━━━ INPUT DATA

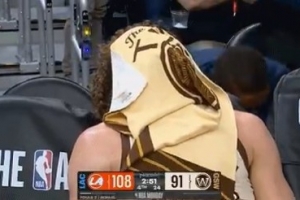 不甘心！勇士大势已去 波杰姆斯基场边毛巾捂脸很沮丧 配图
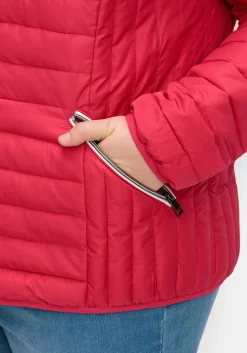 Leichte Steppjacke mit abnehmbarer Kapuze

━━━━━━
━━━ INPUT DATA

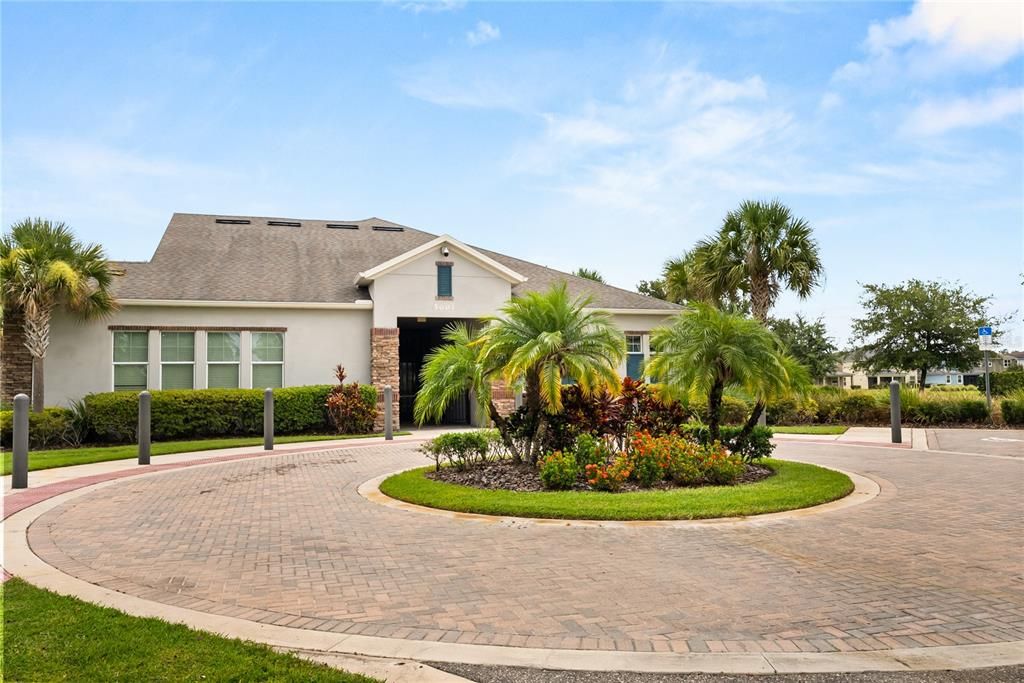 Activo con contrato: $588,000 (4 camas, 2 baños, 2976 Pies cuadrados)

━━━━━━
━━━ INPUT DATA

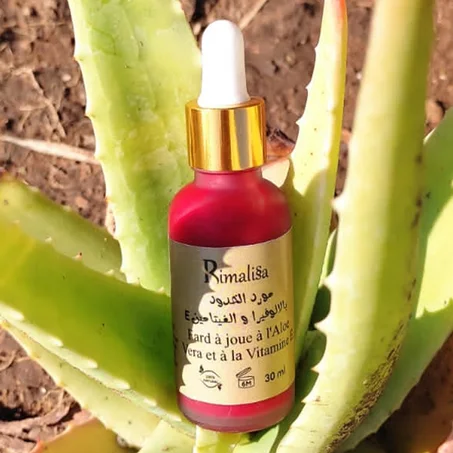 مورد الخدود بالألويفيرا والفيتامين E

━━━━━━

▶ _PROBLEM TO WORK ON_:
Transcribe, from the material above, the stretch starting at the line with "不甘心！勇士大势已去 波杰姆斯基场边毛巾捂脸很沮丧 配图" and ending at the line with "Leichte Steppjacke mit abnehmbarer Kapuze", both included, exactly. Do not carry over pictures.

▶ _SOLUTION TO THE EXERCISE_:
 不甘心！勇士大势已去 波杰姆斯基场边毛巾捂脸很沮丧 配图
 Leichte Steppjacke mit abnehmbarer Kapuze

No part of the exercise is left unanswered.